И вот Алексей Андреевич Ляпунов приходит на биологический факультет прочесть лекцию по генетике. (В то время генетика как наука о биологической информации считалась тесно связанной с кибернетикой и едва ли не частично в неё входящей.) Вместе с ним группа болельщиков с мехмата – и я среди них. Сейчас иногда приходится слушать впечатления людей, приезжающих из Украины в Белоруссию – им кажется, что они перенеслись на несколько десятилетий назад. Примерно то же испытали мы, оказавшись на биофаке. Казалось, встретились два мира. Уже само привычное для нас слово «ген» вызывало ужас у местных жителей, и, услышав его, они оглядывались по сторонам, не заметил ли кто, что они слушают эту крамолу. Вот Алексей Андреевич мимоходом упоминает «советскую государственную бюрократию» – как нейтральный термин с само собой разумеющимся содержанием, а у биологических профессоров глаза лезут на лоб. Он только упомянул результаты Тимофеева-Ресовского, а кто-то сразу с вопросом: «А где был Ресовский в такие-то годы? И где был в такие-то?» – и торжествует: уж теперь-то он сразил лектора наповал.
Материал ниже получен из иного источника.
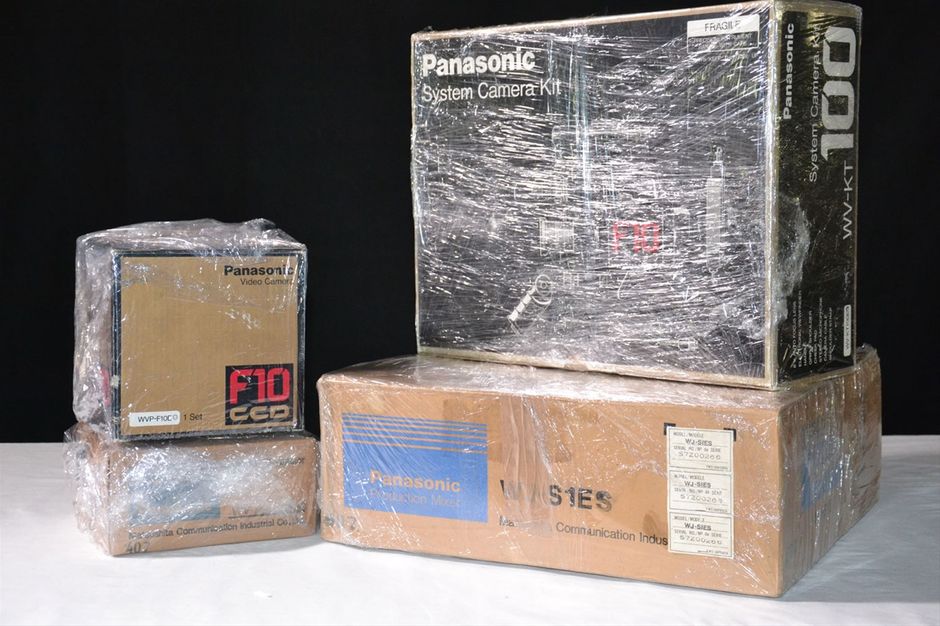 Vintage Panasonic F10 Videocameras + WJ-S1 Mixer Boxed

The Panasonic F10 camera was called a 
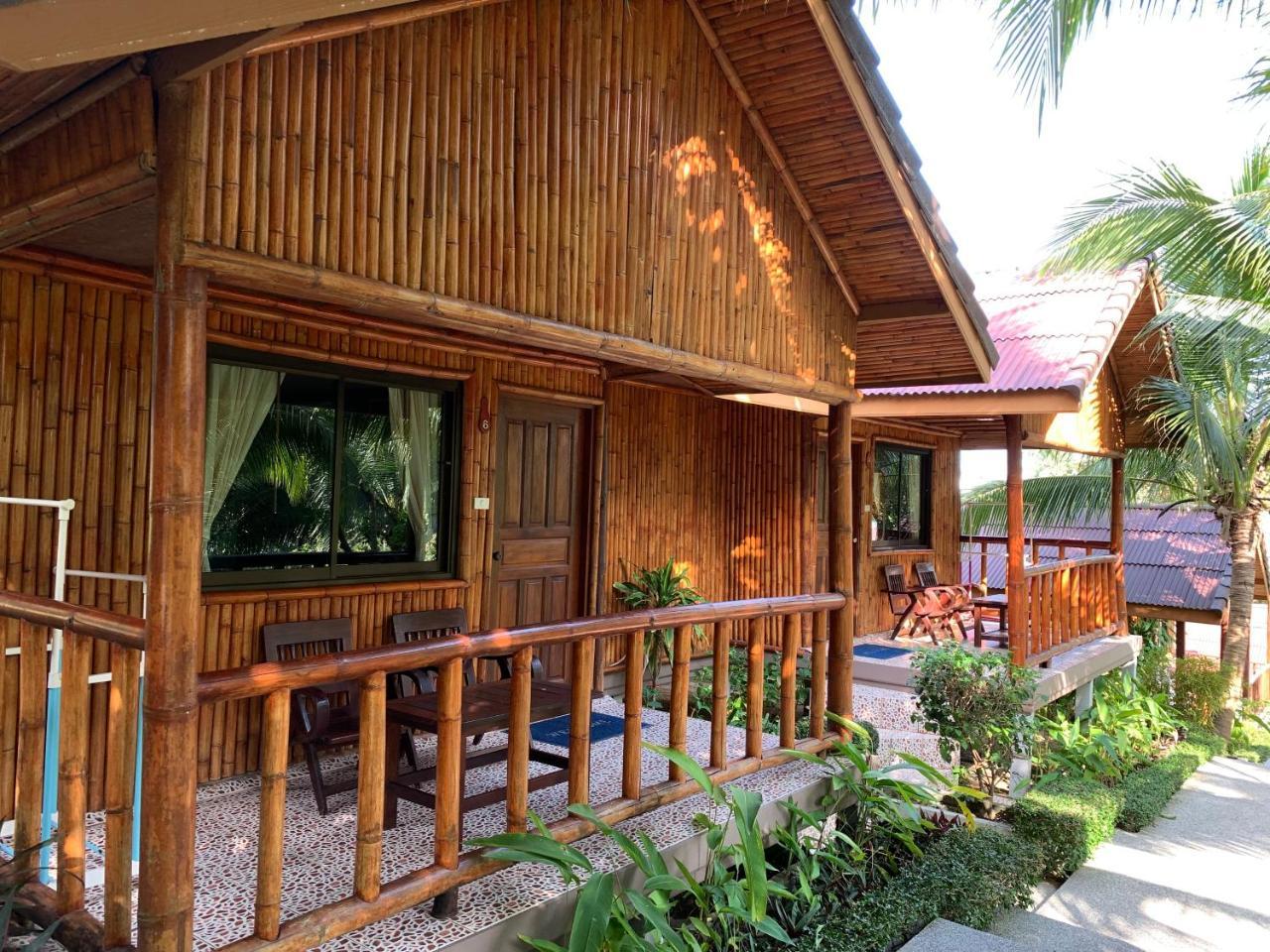 The Fisherman'S Chalet Natien Beach  Экстерьер фото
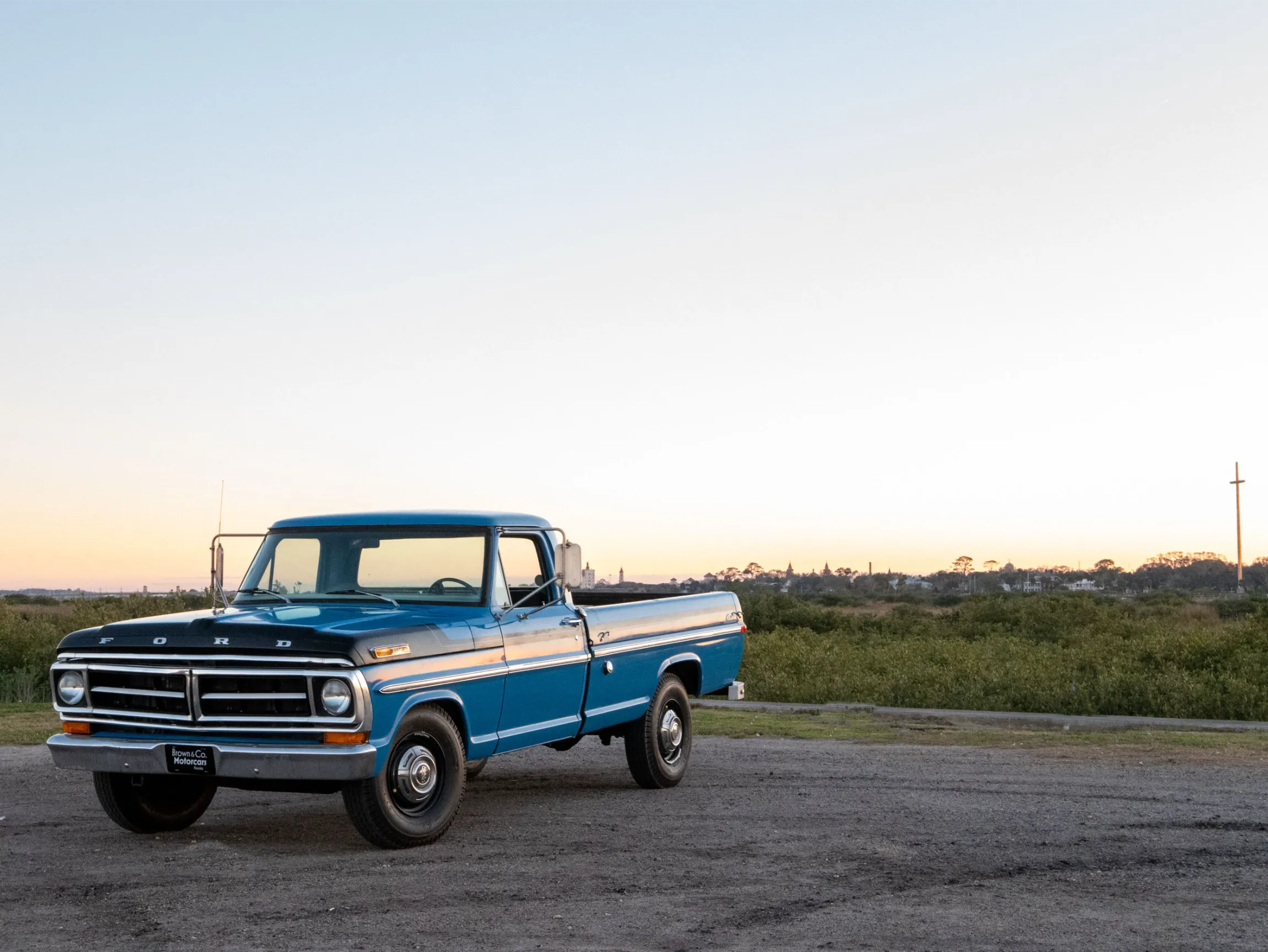 1972-Ford-F-250-for-sale-brown-co-motorcars-47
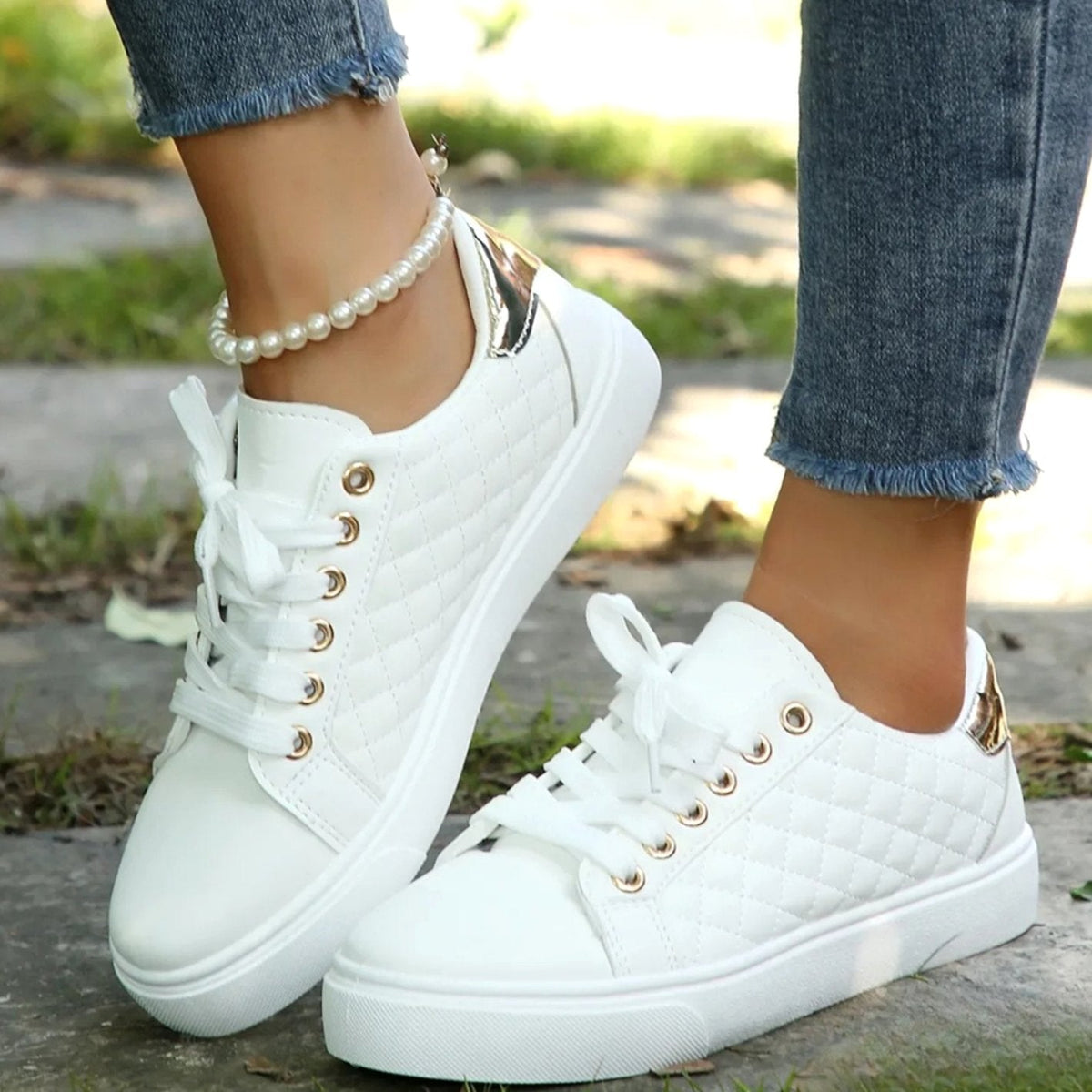 Detalle de ojales metálicos dorados en zapatillas de plataforma CLOE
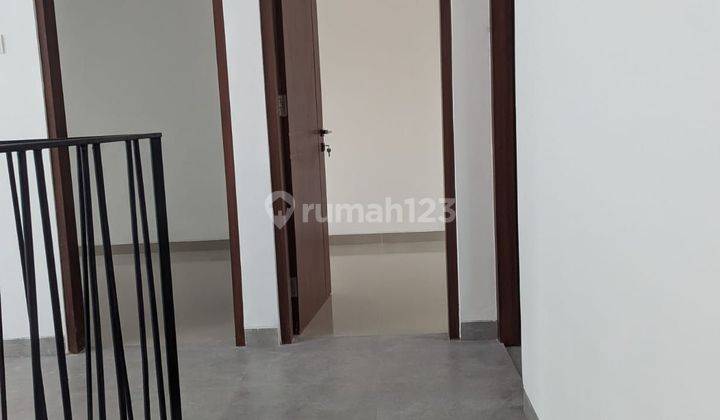 Dijual Rumah Baru Design Modern Lokasi Strategis Bintaro Tangsel 2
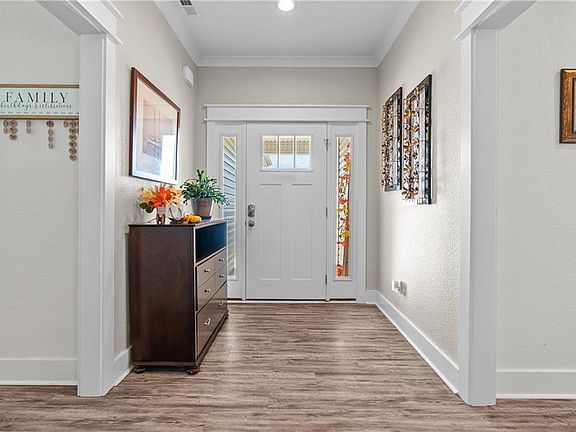4th image of 104 Smitty Ln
Но тот отвечает тем же тихим голосом, не меняя интонаций: «С такого-то по такой-то год Николай Владимирович работал в Берлине, в такой-то лаборатории. [Это в гитлеровской Германии, во время войны!] А с такого-то по такой-то был в лагере там-то». И продолжает о его результатах по генетике. Лысенковцы не верят своим ушам: неужели такое можно говорить, и за это не посадят?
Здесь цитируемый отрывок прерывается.